To make all of this really gel, I wanted to include a fairly extensive sample application that demonstrates everything we've been talking about in the last three posts: dependency injection and the Repository pattern with CSLA.NET.  However, this sample goes a bit further than what we've talked about so far so I wanted to briefly discuss it but save the details for an upcoming post.
A lot of what we've been building here are mechanisms to abstract each layer of our application so they are more loosely-coupled and more testable.  This is why dependency injection is so useful and why patterns like Repository really help.  But the Repository pattern is really just a means to abstract the data access layer.  What if you wanted to abstract the business layer?  What if you wanted to write unit tests that tested the functionality in your UI layer in isolation so that you wouldn't have to build concrete business objects in your tests?  That's the one big additional thing that the sample application sets out to do.  In short, it does this by defining abstractions (in the form of interfaces) for each business class and pulls out the static factor methods into separate factory interfaces and classes.

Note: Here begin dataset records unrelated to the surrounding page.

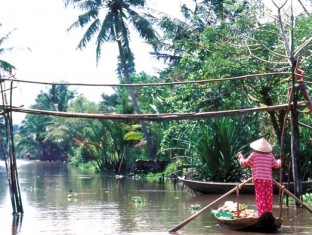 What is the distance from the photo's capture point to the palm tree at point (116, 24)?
29.8 metres

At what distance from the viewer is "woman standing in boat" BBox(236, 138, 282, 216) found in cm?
1038

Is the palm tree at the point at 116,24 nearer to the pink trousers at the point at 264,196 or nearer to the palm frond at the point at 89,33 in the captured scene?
the palm frond at the point at 89,33

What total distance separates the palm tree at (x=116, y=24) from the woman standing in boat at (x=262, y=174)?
19.0m

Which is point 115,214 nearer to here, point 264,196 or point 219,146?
point 264,196

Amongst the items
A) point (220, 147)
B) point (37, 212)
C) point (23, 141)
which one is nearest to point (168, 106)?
point (220, 147)

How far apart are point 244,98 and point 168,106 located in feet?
24.5

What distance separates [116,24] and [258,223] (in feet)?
68.9

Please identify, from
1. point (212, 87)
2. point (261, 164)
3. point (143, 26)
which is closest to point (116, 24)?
point (143, 26)

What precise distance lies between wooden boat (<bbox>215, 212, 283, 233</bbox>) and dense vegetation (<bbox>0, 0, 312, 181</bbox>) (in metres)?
2.57

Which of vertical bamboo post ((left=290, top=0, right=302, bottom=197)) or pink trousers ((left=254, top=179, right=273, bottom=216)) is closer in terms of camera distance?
pink trousers ((left=254, top=179, right=273, bottom=216))

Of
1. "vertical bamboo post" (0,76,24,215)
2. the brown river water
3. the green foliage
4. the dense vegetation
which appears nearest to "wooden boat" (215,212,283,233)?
the brown river water

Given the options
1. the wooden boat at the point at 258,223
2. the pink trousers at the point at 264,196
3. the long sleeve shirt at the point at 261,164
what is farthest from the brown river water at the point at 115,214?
the long sleeve shirt at the point at 261,164

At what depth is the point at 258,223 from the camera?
33.4 ft

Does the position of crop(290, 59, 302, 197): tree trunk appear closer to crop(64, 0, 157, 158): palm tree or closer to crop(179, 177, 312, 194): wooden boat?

So here's a quick rundown of the projects that are included in the sample application solution, which is called CslaRepositoryTest:

  • DataAccess - contains the abstract data access layer interfaces
  • DataAccess.SqlServerRepository - a concrete implementation of the types in DataAccess
  • BusinessLayer - CSLA.NET business layer objects
  • BusinessLayer.Test - unit tests that test the business layer, mocking out the data access layer
  • Gui - a Windows Forms GUI that uses the business objects in BusinessLayer.  The GUI uses a Model/View/Presenter-style architecture so it can be more easily tested.

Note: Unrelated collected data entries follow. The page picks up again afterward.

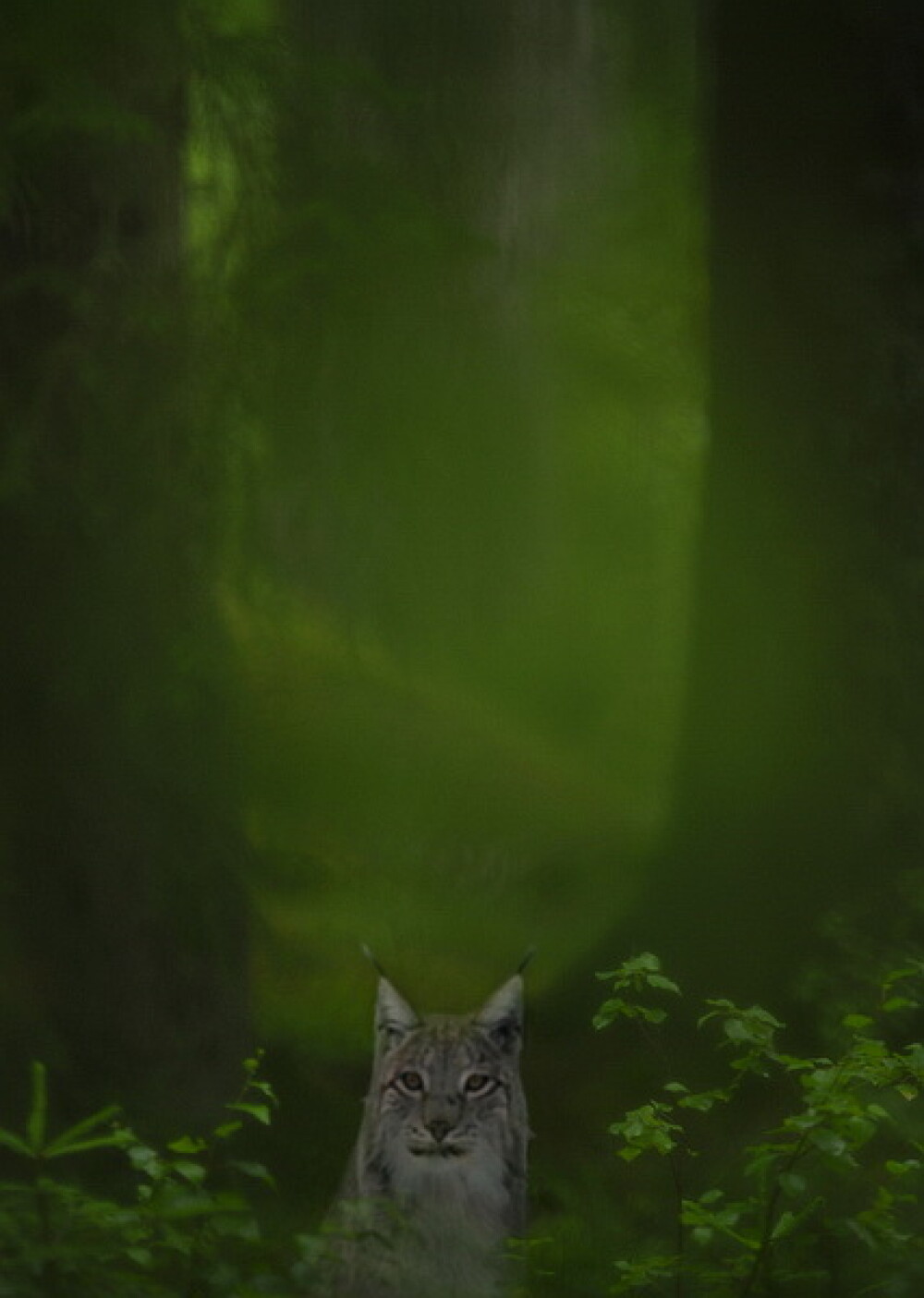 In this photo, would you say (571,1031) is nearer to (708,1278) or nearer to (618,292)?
(708,1278)

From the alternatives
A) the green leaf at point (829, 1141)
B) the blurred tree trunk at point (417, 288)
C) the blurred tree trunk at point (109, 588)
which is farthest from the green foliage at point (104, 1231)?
the blurred tree trunk at point (417, 288)

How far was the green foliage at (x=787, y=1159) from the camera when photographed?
3.11 meters

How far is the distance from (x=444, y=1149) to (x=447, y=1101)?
109 mm

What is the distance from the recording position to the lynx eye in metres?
3.83

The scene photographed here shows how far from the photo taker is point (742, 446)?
5.24m

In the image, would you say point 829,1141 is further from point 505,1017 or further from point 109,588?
point 109,588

  • Gui.Test - unit tests that test the GUI layer, mocking out the business objects
  • Core - contains common types not necessarily specific to a particular layer
Some other notes:

  • The BusinessLayer is compiled against CSLA.NET 3.5.
  • The sample application uses v1.2 of the Unity Application Block as an IOC Container.  The Gui project configures uses a file called Unity.config to configure Unity.

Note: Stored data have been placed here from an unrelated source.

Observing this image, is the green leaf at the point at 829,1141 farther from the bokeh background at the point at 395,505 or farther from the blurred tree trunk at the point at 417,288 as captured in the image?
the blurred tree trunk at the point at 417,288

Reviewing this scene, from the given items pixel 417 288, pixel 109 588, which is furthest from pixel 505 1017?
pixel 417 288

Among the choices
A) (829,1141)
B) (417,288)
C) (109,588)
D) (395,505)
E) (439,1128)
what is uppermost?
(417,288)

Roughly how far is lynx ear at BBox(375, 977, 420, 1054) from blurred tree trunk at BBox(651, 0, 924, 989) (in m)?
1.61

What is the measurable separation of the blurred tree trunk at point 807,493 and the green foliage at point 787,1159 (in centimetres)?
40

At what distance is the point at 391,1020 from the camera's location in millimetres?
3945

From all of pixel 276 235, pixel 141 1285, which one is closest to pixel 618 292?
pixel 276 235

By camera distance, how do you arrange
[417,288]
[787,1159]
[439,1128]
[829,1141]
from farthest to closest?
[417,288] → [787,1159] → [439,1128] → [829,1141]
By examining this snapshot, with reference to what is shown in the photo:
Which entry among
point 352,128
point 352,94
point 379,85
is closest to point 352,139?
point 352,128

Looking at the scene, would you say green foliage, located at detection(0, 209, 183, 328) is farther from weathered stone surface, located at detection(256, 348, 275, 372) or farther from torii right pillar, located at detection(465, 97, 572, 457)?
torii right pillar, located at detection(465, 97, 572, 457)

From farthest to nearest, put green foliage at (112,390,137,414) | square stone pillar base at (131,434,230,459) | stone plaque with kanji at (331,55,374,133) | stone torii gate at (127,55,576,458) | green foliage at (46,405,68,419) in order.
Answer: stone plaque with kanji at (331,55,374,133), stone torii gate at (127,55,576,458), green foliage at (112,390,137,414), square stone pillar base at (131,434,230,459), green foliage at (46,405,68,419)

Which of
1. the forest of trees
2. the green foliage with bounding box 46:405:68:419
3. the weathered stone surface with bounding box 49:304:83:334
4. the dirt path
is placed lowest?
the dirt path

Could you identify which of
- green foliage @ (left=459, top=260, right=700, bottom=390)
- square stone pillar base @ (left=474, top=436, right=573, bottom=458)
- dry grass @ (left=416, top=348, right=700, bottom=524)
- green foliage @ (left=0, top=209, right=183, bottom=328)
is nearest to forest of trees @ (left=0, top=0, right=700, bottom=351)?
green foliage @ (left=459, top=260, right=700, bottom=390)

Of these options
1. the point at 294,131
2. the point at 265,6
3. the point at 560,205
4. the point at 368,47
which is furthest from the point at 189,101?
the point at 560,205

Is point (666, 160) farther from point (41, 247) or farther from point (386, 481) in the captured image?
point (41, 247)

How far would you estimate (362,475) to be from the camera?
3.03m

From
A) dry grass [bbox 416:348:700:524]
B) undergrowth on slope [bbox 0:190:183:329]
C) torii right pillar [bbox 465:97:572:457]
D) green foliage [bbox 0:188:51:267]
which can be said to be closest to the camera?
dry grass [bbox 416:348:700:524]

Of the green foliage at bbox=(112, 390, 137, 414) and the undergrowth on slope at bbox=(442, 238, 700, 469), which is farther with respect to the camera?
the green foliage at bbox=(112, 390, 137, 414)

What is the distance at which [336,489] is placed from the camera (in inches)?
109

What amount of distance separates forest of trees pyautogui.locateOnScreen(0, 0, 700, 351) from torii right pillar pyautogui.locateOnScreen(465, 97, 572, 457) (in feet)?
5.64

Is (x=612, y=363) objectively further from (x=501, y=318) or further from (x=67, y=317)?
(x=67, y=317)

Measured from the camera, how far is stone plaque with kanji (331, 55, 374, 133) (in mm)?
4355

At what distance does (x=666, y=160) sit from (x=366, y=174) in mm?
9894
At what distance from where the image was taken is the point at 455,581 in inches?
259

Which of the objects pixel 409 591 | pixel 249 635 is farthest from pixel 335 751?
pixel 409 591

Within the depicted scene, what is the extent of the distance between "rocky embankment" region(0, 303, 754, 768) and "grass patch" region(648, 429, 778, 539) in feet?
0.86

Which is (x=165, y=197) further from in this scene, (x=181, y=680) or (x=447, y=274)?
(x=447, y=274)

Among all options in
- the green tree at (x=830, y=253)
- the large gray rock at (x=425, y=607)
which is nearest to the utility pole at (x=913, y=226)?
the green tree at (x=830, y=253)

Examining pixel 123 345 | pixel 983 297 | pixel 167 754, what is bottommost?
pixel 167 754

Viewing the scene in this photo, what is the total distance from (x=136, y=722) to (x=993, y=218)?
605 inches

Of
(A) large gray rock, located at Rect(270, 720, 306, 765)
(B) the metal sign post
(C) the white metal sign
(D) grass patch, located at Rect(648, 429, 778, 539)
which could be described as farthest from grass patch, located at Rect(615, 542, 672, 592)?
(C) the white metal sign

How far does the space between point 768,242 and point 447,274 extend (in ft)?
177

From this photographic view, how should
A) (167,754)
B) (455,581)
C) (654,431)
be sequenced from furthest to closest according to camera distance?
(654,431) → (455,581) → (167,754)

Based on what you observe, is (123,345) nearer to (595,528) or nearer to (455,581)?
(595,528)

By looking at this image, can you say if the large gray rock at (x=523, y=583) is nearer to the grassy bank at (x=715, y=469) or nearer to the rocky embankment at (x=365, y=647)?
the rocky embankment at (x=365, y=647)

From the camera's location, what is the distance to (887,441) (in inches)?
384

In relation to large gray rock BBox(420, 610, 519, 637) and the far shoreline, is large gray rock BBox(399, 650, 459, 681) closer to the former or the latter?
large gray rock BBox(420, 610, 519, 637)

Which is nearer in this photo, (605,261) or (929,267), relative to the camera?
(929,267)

  • The DataAccess.SqlServerRepository project uses SQL Server Express to attach to a file instance of the database, just like the CSLA.NET ProjectTracker sample application does.  The database file is Orders.mdf and is located in the same directory as the solution.
  • Both test projects use NUnit as their unit testing framework.  You should be able to run all of the unit tests in the NUnit-GUI application.
  • Both test projects use Rhino Mocks v3.5 for mocking objects.
  • The binaries for all of the 3rd party dependencies mentioned above are included in a lib folder in the download.  The only thing you need to have installed is Visual Studio 2008 and SQL Server 2005 Express (which usual comes with Visual Studio 2008).
Finally, here's the sample application.  (UPDATE: Changed link to point to my GitHub repo)

Conclusion

In this post we walked through a concrete implementation of our abstract data access layer that uses the Repository pattern.  Our implementation used LINQ to SQL, but we could have easily created one that used any other data access technology.  In an upcoming post, we'll dig a little further into how to abstract the business layer itself.